Friday, March 7, 2025

Choosing Guideposts for Living


I have tried to capture the formula for happiness in what was previously known as my Happiness Keys Document. (Now it is encapsulated in a compendium with the working title: Raederle’s Pocketbook of Self-Directed Wisdom.) This formulaic approach has aided me many times, but it fails to capture the subjective stream-of-consciousness that makes me feel like “myself” – which is, in my own estimation, a happy (or content) version of myself.


For example, just last night I was revisited by the realization of why reading a particular type of nonfiction feels beneficial and regulating to my wellbeing. Reading the heartfelt perspectives of highly intelligent individuals – who had something they burned to share – helps ground me in a will to live through my experience of relation, inspiration, and curiosity. It lends purpose to my life – not through that which I create – but through giving life itself purpose. Works of nonfiction – or philosophy loosely draped in fiction – remind me that there is a “great truth task” (as Dr. Bronner soap bottles tell us), and I am part of that task just by sensing, dreaming, and articulating.


This insight into the value of a certain kind of nonfiction was preceded by the insight that reading itself – even of fiction – helps order my mind through the parade of syntax, narrative, and reason.

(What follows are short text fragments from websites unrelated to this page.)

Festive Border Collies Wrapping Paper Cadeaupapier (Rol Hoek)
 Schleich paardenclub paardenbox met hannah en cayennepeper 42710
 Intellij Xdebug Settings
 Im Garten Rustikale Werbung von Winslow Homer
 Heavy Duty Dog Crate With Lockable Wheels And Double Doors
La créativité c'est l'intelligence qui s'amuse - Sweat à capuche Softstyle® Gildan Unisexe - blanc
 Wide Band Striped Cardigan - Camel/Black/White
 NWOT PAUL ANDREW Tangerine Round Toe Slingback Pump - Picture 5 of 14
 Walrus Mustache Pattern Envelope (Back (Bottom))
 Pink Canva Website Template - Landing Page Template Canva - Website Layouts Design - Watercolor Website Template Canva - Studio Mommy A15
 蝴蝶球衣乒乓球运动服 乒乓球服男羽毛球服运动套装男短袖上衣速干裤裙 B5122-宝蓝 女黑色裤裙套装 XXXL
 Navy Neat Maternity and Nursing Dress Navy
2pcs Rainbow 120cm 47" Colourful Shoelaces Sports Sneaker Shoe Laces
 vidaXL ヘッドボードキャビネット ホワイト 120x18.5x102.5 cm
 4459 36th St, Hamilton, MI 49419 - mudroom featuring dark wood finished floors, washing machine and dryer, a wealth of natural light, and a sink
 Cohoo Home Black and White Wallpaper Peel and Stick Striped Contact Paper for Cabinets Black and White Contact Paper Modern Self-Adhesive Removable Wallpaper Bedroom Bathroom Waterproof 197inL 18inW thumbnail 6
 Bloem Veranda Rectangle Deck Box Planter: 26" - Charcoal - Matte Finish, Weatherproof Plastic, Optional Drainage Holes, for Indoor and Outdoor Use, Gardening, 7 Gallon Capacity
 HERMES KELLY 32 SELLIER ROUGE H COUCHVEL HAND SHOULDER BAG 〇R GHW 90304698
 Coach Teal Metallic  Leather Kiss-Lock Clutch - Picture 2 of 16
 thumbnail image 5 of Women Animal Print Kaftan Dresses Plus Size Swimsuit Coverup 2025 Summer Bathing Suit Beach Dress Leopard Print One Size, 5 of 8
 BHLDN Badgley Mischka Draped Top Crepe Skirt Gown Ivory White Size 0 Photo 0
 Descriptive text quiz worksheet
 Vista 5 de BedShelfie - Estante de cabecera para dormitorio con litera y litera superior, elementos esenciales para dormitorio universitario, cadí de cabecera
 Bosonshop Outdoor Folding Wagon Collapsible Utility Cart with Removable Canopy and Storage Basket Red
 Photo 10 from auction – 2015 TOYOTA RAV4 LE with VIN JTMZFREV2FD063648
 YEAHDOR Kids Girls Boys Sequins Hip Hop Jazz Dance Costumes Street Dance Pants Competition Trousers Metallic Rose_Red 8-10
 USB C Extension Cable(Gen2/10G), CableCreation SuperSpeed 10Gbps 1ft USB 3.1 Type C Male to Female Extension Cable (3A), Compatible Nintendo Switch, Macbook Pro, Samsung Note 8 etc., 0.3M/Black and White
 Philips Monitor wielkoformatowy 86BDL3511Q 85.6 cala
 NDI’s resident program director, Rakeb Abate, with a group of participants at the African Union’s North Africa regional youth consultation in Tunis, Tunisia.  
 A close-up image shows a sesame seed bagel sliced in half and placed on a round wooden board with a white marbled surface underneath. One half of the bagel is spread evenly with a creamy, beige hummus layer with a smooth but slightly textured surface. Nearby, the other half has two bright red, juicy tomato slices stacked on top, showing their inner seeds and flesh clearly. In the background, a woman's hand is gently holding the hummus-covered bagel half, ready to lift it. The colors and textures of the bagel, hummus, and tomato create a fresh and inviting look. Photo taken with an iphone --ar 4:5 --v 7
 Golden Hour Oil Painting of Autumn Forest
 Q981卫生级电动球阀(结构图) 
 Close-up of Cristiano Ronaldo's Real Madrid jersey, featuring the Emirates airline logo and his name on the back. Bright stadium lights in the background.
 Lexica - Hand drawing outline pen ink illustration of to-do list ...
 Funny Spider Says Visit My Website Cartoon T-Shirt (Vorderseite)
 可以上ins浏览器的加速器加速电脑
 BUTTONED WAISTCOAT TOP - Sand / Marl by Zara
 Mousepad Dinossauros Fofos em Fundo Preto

The simple fact that another being possesses the ability to create a linear stream of words which will carry me through a non-linear stream of symbols is deeply heartening. Their ability to render art in the form of story and concept is so beautiful to behold that it fills my heart with its own yearning to be, whilst simultaneously filling my mind with a desire to understand. My whole being is filled up with a need to create in response to the creations of others.


Perhaps for someone like myself, who requires the dual nourishment of symbology and beauty, my interpretive creations which are made in response to the creations of others, is the true conversation which I most dearly wish to engage in. This appears, for example, in my desire to lead workshops. The workshop itself is something I devise in response to the creations of luminaries who have inspired me, and the participants in the workshop are invited to reply with their own creations. Yet these “conversations” – the game of tag we can play with our creations – have hitherto left me unsatisfied. Creation is an outpouring, and I crave an equitable replenishment from liberated beings, yet I’m surrounded by those held in the shackles of institutionalized thought. The few who have not been shackled are weighed down by the seemingly insurmountable fatigue of constantly being rebuked and condemned by tamed perceptions and judgments.


Returning to the earlier subject: the simple truth of my wishing to formulate my happiness points to a, perhaps troubling, truth about my beliefs: I feel it is superior to be happy. Furthermore, I identify with my happy (or at least content) self in a way that I do not with my unhappy self. My other subjective experiences resent this, and hate having this value (of happiness being superior) thrust at me in any way – particularly if I am unhappy at the time.


Statements which assume happiness is superior include, “When you’re feeling more like yourself,” and, “Happiness is a choice,” and, “When you come around,” and “Things will be more clear by the light of day.” Our culture assumes we will be more sober and sound when we are free from unhappy feelings. Yet I disavow myself of this assumption! The greatest thoughts are not wholly conceived from frameworks of opioid optimism, nor from pits of pessimism. Great wisdom comes from interweaving the cumulative lessons of grief, fear, joy, and satisfaction.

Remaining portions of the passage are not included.